By Leah Small and Ashley McLeod
Capital News Service
RICHMOND, Va. – Thousands of Virginians were “fired up” to see Barack and Michelle Obama at the Democratic presidential campaign’s “Ready to Go Rally” on Saturday.
The rally was aptly named for a chant created by South Carolina resident Edith Childs at a campaign stop in 2008. She exhorted then-Sen. Obama and a room of 20 rain-soaked supporters to get “fired up and ready to go!” Now it’s the official rallying cry for Obama’s re-election bid.
Many people who packed Virginia Commonwealth University’s Siegel Center on Saturday were college students and local supporters. Others came from across the state, including a group of Democratic supporters from Carroll County in southwestern Virginia.
Even 11-year old Isabel Largen volunteers for the Obama campaign with her grandmother, Regina Largen.
“Obama should be re-elected because he’s going to make the country better,” Isabel said. “He’s helping people with health care, education and the environment, and that’s really important.”
Regina Largen noted that not everyone in Carroll County shares such views. The county, population 30,000, has higher poverty and unemployment rates than the state averages. Republicans blame Obama for failing to fix the economy.
“We’ve been working to establish something in Carroll County. It’s predominantly Republican. Our goal is to register people to vote and make sure we get our Democrats out to vote,” Regina Largen said.
The Largens as well as their friends Janet Tate and Chris Roth participated in a phone bank for the Obama campaign.
“We’re now fired up and ready to get back to Carroll County to spread the word,” Roth said.
Janie and James Ricks also were inspired by what the Obamas had to say. They could relate to President Obama’s upbringing.
“I was also raised by a single mother who was struggling to do what she could to help send me to school. So I can relate to him a lot more than I can to Mr. Romney because of our backgrounds,” James Ricks said.
Janie Ricks also was raised by a single mother. “She did what she could do to send me to send me to college.”
Stephanie Hyman of Richmond is going through the same struggles as a single parent of two children. Moreover, Hyman lost her job three years ago. She said President Obama stands for people like her.
“I’m exactly the person he’s talking to,” Hyman said.
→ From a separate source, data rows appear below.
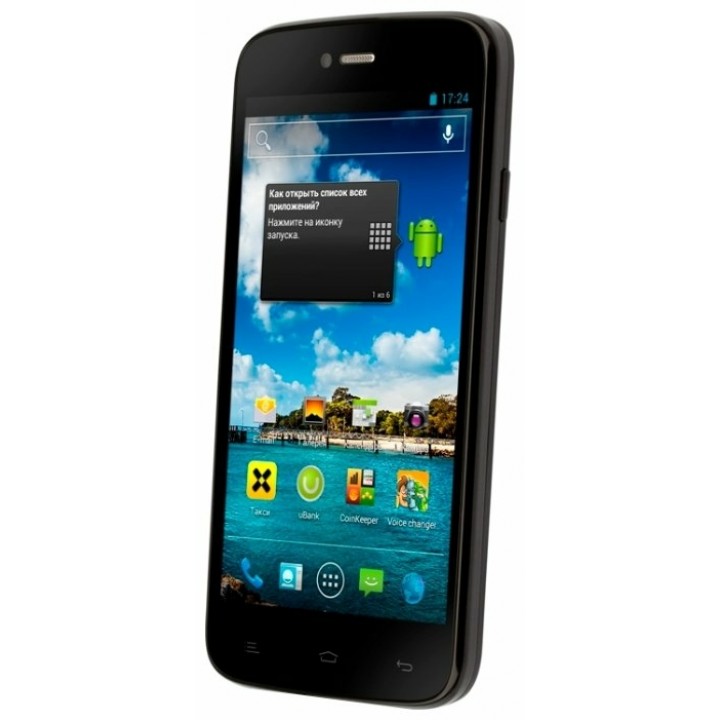 Защитная пленка для  Fly IQ4411 Quad Energie 2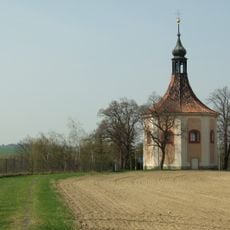 Chapel of the Holy Cross in Malé Číčovice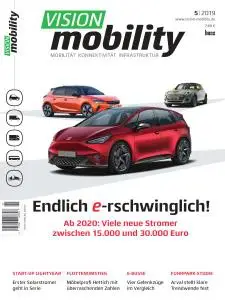 Vision Mobility - Nr.5 2019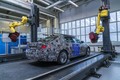 Novi virtualni BMW serije 5: Edinstveni koncept sistema s popolnoma avtomatizirano optično merilno celico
She supports Obama’s stands on women’s rights. Hyman criticized the Republican Party for policies she says would “roll back” progress for women.
“I never imagined 30 years ago that we would still be having arguments over contraception, Roe v. Wade or for union worker’s rights. It’s ludicrous. They want to live in a bubble in the mid-1950s,” Hyman said.
Loudoun County resident Patricia Pryor made the trip to Richmond on a bus with other Obama supporters.
“We came down loud – partying and ready to go,” Pryor said. “We had singing. We had signs. We had a slogan.”
Pryor volunteers by registering voters at her local library. Her occupation as a nurse influences her support for Obama’s health care policies: “I see people living because they have good health care, and I see people dying because they don’t have good health care.”